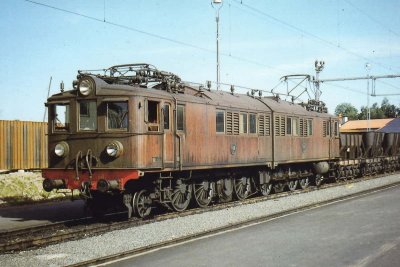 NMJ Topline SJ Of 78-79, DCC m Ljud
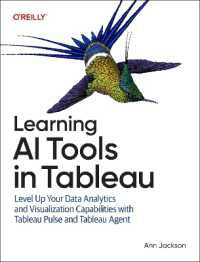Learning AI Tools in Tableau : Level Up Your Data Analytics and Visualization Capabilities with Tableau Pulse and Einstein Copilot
...
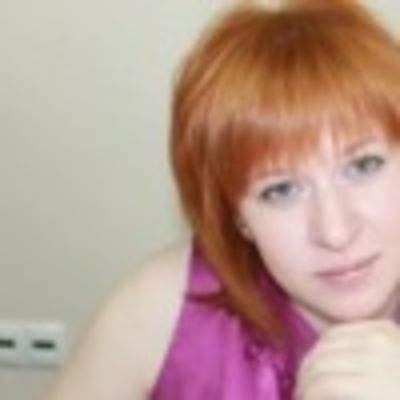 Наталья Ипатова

[Assignment]:
Using the entries above, transcribe every line from the line containing "NMJ Topline SJ Of 78-79, DCC m Ljud" through the line containing "Learning AI Tools". Do not copy pictures.

[Solution to this problem]:
 NMJ Topline SJ Of 78-79, DCC m Ljud
Learning AI Tools in Tableau : Level Up Your Data Analytics and Visualization Capabilities with Tableau Pulse and Einstein Copilot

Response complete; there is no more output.